Eine Million Euro bietet der große Klub aus Katalonien für den Spieler von Besiktas Istanbul. Allerdings: Muhammed Demirci hat noch kein einziges Spiel für das Profiteam von Besiktas bestritten. Der Umworbene ist nämlich so jung, dass sein Alter nach den Konventionen der deutschen Rechtschreibung noch in Buchstaben ausgeschrieben werden muss: Muhammed Demirci ist zwölf Jahre alt.

Ronaldinho oder Maradona?

Letzten Monat spielte Muha zwei Wochen bei Barca vor und hat die Talentspäher des Champions-League-Siegers so beeindruckt, dass sie ihn mitsamt Eltern und vier Geschwistern nach Spanien locken wollen. Wieder einmal also gilt ein Kind als eine der größten Verheißungen des Weltfußballs.

Von dem Buben wird nur in Superlativen gesprochen. In der Türkei wird der kleine Muha von der Presse mal als "neuer Ronaldinho", mal als "neuer Maradona" gefeiert. Wer sich von dem zweifellos großen Talent des Mittelfeldspielers überzeugen will, kann sich den begnadeten Linksfuß auf Internetvideos anschauen.

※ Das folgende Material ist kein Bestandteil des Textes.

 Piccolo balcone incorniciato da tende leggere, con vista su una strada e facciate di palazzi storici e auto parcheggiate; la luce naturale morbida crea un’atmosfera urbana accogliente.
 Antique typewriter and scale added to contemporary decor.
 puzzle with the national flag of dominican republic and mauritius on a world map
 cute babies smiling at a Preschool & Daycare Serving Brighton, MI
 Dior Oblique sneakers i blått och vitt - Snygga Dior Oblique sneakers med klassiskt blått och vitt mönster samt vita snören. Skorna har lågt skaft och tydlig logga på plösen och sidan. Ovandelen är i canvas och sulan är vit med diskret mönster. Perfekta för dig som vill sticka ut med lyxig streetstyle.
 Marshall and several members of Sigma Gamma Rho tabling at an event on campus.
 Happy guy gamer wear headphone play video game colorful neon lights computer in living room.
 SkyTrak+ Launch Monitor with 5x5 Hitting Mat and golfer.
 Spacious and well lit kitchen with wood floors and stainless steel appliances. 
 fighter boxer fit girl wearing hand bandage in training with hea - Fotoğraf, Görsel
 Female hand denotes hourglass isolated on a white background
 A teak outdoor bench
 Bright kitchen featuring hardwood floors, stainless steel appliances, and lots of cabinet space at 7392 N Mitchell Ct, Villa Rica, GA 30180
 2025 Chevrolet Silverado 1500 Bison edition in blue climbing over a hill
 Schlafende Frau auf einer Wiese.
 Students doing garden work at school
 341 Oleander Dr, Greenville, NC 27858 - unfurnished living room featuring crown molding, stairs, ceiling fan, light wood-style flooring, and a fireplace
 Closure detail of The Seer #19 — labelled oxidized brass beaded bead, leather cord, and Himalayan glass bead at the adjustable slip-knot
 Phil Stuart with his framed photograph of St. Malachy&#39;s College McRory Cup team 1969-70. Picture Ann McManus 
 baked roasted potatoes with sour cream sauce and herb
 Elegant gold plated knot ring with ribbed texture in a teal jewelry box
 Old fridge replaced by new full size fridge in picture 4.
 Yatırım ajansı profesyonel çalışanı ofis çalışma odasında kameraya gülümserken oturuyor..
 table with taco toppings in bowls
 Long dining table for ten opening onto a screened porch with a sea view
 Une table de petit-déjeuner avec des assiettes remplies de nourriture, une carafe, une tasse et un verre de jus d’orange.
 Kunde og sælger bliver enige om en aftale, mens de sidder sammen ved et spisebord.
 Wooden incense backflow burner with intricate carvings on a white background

Der D-Jugendliche umdribbelt viel größere Gegenspieler, als seien sie grüne Ampeln, und schlägt genaue Pässe zum Mitspieler, während er in die andere Richtung schaut.

Die Ampel für einen Wechsel steht aber noch auf Rot. Mitte letzter Woche hieß es, Besiktas verlange drei Millionen Euro Ablösesumme, am Wochenende dann, der älteste der Istanbuler Großklubs wolle gar fünf Millionen. Natürlich hat Muha längst einen Berater.

Versaut das Geld einen Zwölfjährigen?

Seyit Ates, ein ehemaliger Besiktas-Offizieller, sagt: "Das Problem ist, dass Besiktas das größte Talent aller Zeiten nicht abgeben will." Seit Jahren ist es üblich im internationalen Transfergeschäft, dass die großen Klubs die Talente schon in der D-Jugend scouten.

Fast keine Saison vergeht, ohne dass ein Minderjähriger zum neuen Maradona ausgerufen wird, der für Millionen von einem Klub zum anderen, von einem Land ins nächste transferiert wird. Von den meisten allerdings ist nach den Jahren der Adoleszenz im Fußballgeschäft nichts mehr zu hören. Wer weiß schon sicher, welche Entwicklung ein zwölfjähriges Kind nimmt?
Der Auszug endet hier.